By Matt Lloyd-Cape
Director, Centre for Equitable Housing at Per Capita
It has become something of a trend among some economists to ask that we all please get over negative gearing.
Last week the economist Chris Richardson wrote in The Age that reducing tax breaks for investors are “distractions much more than they are solutions” Similarly, Peter Tulip from the Centre for Independent Studies tweeted (with perhaps not the most sensitive choice of words) that the apparent 1-4% increase that negative gearing adds to house prices is “trivial”.
One can only imagine the fury with which a young first-time buyer, looking at up to an additional $40,000 cost on a $1 million home, would feel about that description.
Consider a counterfactual: imagine if the government were to introduce an additional 4% sales tax on property sales. The gasps of outrage would be audible in every home in the country.
But for now, let’s imagine that the 1-4% increase in ticket price brought about by negative gearing – which is only one of several gifts that taxpayers give to property investors – is indeed trivial. What other reasons could there be to reform negative gearing?
Firstly, any measure that provides support to incumbents in the housing market rather than to those seeking to enter the market is just bad economics. Surely allowing a more level playing field for all market actors is something that all free marketeers should get behind.
Secondly, there is a strong social case for reform. We are seeing a rapid decline in home ownership for younger Australians, with ownership rates among 30-34 year olds having fallen from 68% for those born in the early 1950s to 49% for those born in the early 1990s. Investors tend to be older and to have already gained the benefits of home ownership, so tax incentives like negative gearing allow them a second bite of the cherry at the expense of a young person, who is left looking at their deposit savings and knowing that with every day that passes it can buy them less.
Thirdly, we should remember that the money investors receive through negative gearing and the Capital Gains Tax (GCT) discount represents a loss in government revenue. Landlord tax breaks are set to be the fastest-growing source of lost revenue, with rental property deductions estimated to have cost the Treasury $18 billion in 2021-22. If we had spent even half that on building social housing over the past decade, the current housing crisis would be nowhere near as bad.
Finally, we must look at what those downplaying the impact of negative gearing suggest is the real cause of the problem. They say that supply can only be bought about by reforming the planning system, essentially by removing red tape on developers. Let the market build and the homes will flow, they say.
This is not a convincing solution. We have spent the past four decades winding back government involvement in the housing system, reducing investment in public housing and asking the market to take up the slack, to no avail. Instead of cheap and plentiful housing, catering to the needs of all society, we now have the highest housing debt in our history, a far larger share of the population living unhappily in the private rental market, a marked increase in housing cost-induced poverty.

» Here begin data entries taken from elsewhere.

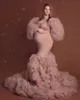 Sexy V Neck Maternity fotografia Wielopoziomowa Ruffles Z Długim Rękawem Pleasear Dla Kobiet w ciąży Fantazyjna Ciąża Dress Dress Elegence Suknia Fotografii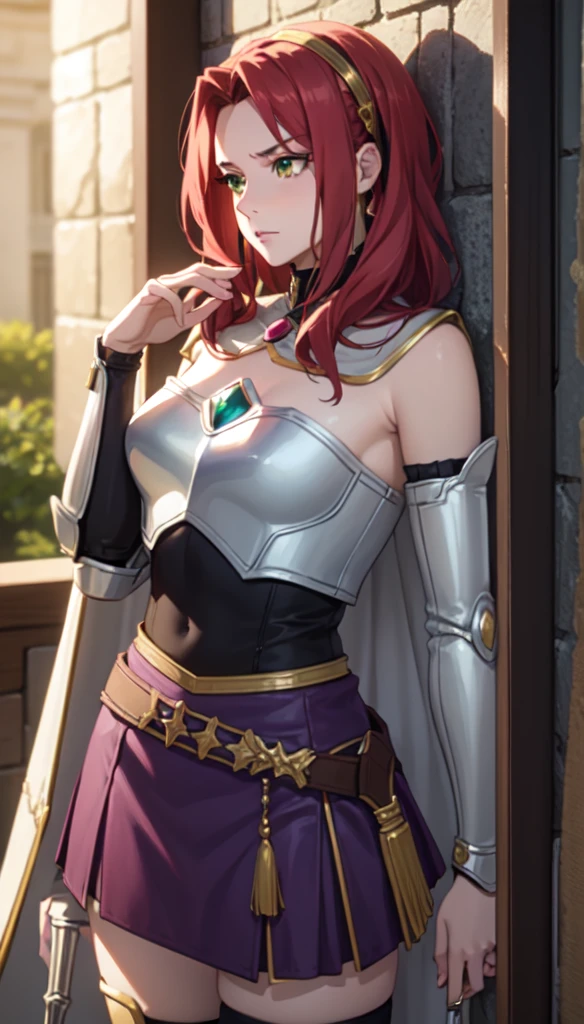 Reality, (4K), Depth of Field, (masterpiece), (Realistic skin texture), Extremely detailed, complex, Ultra Detailed, Professional photography, Bokeh, high resolution, Crisp details, best quality, girl, Long hair, Red hair, Green Eyes, armor, Breastplate, Separate sleeves, White cape, Long skirt, (Purple skirt), Black leather belt, Arm Guard, Hair accessories,  Dynamic poses, Leaning against the wall, annoyed,  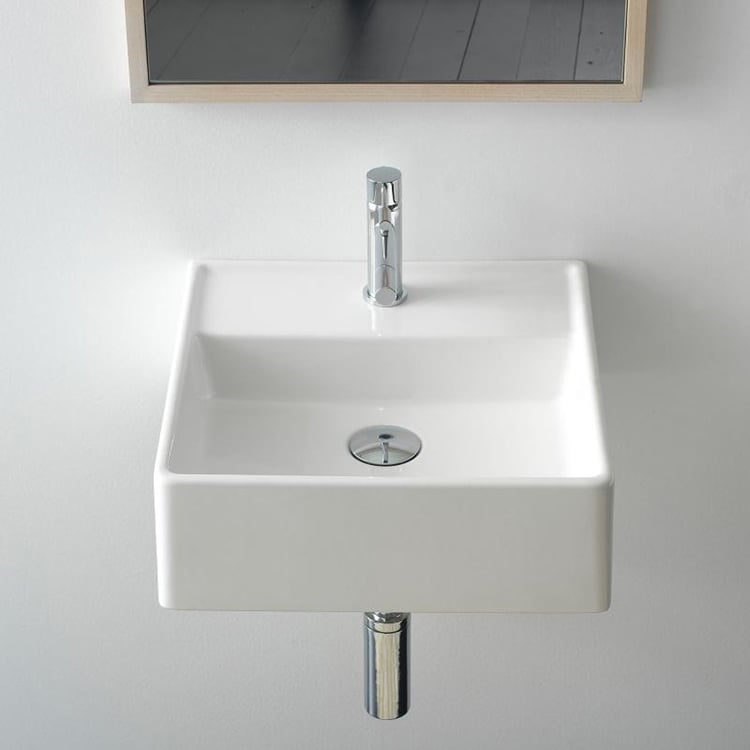 Scarabeo 8036-One Hole Small Square Ceramic Wall Mounted or Vessel Sink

In the 1980s around 25% of renters lived in social housing, with their rents capped at 25% of their income and the security that they could stay in their home indefinitely. That number is now down to around 9%. People on low incomes have seen their rent costs rise accordingly, from an average of 26% of total income in 1984 to 33% in 2019.
Reforming investor tax breaks isn’t a magic bullet for resolving housing affordability, but it is a critical part of the financialisation of housing that we have for too long relied upon as the solution for producing low-cost housing, despite overwhelming evidence that the private sector won’t deliver what people need.
Systemic reform to our housing market will no doubt have to involve improvements to planning systems – more supply is urgently needed, and in the cities where people want to live and need to work. But more fundamentally we must recognise that this 40-year experiment in financialising the housing market, of which negative gearing is a core component, has failed.